Make sure that nobody is working near the scanner and it is free from obstruction before power on a radar.
- Power on and switch the radar to Standby;
- adjust Brilliance for preferred viewing brightness;
- turn both manual Anti-sea Clutters and Anti-rain Clutters to minimum;
- set Gain to minimum;
- switch off all automatic signal suppressing and video enhancing sub-systems;
- switch radar on at medium range when it is ready;
- switch on automatic Tune;
- increase Gain until some background noises are seen all over the display;
- switch to appropriated operation range;
- select preferred display orientation and mode (ensure heading and speed inputs are corrected if True Motion Mode is used);
- adjust Anti-rain Clutters if echoes caused by rain are affecting the identification targets seriously;
- adjust Anti-sea Clutters if echoes caused by sea waves are affecting the identification of targets seriously.
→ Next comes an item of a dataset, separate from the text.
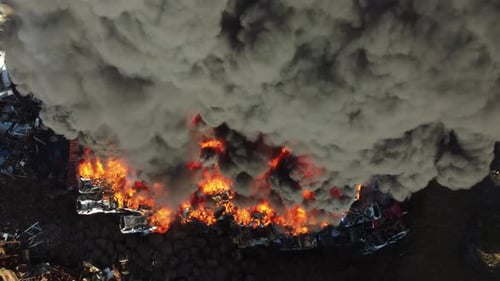 Fire Huge Fire at a Car Junkyard Black Smoke Pollutes the Atmosphere Ecological Disaster Global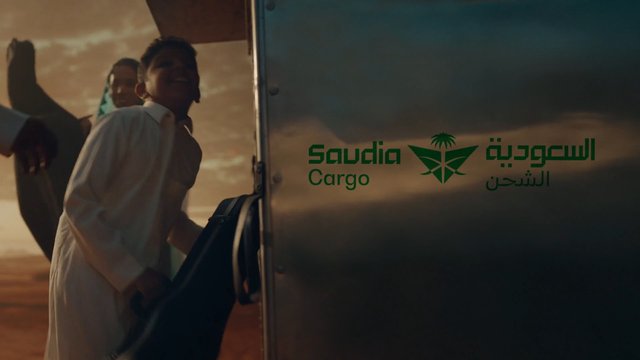 Video Reference: cargo, vehicle, logistics, shipping, delivery, transport, sunset, outdoor, person, Arabian, Arabic text, truck, freight, industrial, travel, brand logo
Try not to use automatic suppressing sub-system if the use of manual anti-clutters control could achieve an usable display. Use automatic enhancing sub-system only if it is really necessary.
An argument on using sidelights in defining head-on situation was put forwarded in court. It was argued that both sidelights of a target involved in the risk of collision must be seen to effect a head-on situation. The argument was later supported by an oversea maritime expert. Another renowned author also seems to express similar argument in his book about COLREG as follows:
“… Rule 14 is apparently not intended to apply to cases in which, from a vessel which is ahead or nearly ahead, one sidelight can be seen, but the other is obscured. (Cockcroft & Lameijer 1996, p99)”
It could be confusing. It could be difficult to understand if one will look into the text of the rule as well as its application at sea.
Rule 14(a) stated the actions required when ships “meeting on reciprocal or nearly courses” and involved in a risk of collision. Rule 14(b) follows with examples that a head-on “situation shall be deemed to exist”. Rule 14(a) defines head-on situations by the meeting courses and the risk of collision. The text of Rule 14(b) described certain “shall be ” situations but does not seem to exclude any other encounters meeting on reciprocal or nearly courses and involved in a risk of collision. The rule has not exclude any other possible situation such as those have only one sidelight or even none could be seen.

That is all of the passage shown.